(Data records Opens)

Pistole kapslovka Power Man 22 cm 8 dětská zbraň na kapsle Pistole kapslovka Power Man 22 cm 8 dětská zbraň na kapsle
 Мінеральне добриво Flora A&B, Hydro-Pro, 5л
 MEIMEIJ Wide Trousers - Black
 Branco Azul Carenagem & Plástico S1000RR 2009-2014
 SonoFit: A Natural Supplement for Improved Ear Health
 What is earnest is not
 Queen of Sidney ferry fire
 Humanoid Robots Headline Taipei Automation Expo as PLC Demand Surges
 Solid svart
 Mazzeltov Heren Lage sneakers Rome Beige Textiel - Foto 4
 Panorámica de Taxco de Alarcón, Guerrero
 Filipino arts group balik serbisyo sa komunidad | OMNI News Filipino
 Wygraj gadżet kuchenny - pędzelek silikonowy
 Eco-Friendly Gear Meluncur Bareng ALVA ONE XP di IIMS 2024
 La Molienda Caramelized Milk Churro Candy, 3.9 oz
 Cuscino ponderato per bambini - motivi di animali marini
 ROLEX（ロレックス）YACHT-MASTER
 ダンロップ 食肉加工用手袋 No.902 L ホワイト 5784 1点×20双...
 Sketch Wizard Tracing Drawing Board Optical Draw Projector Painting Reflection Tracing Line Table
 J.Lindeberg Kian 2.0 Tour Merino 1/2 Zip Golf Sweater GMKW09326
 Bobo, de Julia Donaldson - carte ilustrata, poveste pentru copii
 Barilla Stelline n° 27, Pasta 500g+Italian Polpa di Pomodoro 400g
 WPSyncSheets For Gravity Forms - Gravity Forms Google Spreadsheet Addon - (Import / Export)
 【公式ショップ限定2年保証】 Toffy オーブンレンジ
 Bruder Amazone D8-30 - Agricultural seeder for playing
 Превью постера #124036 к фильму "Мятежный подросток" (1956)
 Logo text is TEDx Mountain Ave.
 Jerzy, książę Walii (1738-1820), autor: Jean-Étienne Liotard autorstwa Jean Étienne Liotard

(Data records Closes)

What is needed
All lines from the one containing "Panorámica de Taxco de Alarcón, Guerrero" through the final line of the records above are to be set down exactly, and no other line is to appear.

Task solution
 Panorámica de Taxco de Alarcón, Guerrero
 Filipino arts group balik serbisyo sa komunidad | OMNI News Filipino
 Wygraj gadżet kuchenny - pędzelek silikonowy
 Eco-Friendly Gear Meluncur Bareng ALVA ONE XP di IIMS 2024
 La Molienda Caramelized Milk Churro Candy, 3.9 oz
 Cuscino ponderato per bambini - motivi di animali marini
 ROLEX（ロレックス）YACHT-MASTER
 ダンロップ 食肉加工用手袋 No.902 L ホワイト 5784 1点×20双...
 Sketch Wizard Tracing Drawing Board Optical Draw Projector Painting Reflection Tracing Line Table
 J.Lindeberg Kian 2.0 Tour Merino 1/2 Zip Golf Sweater GMKW09326
 Bobo, de Julia Donaldson - carte ilustrata, poveste pentru copii
 Barilla Stelline n° 27, Pasta 500g+Italian Polpa di Pomodoro 400g
 WPSyncSheets For Gravity Forms - Gravity Forms Google Spreadsheet Addon - (Import / Export)
 【公式ショップ限定2年保証】 Toffy オーブンレンジ
 Bruder Amazone D8-30 - Agricultural seeder for playing
 Превью постера #124036 к фильму "Мятежный подросток" (1956)
 Logo text is TEDx Mountain Ave.
 Jerzy, książę Walii (1738-1820), autor: Jean-Étienne Liotard autorstwa Jean Étienne Liotard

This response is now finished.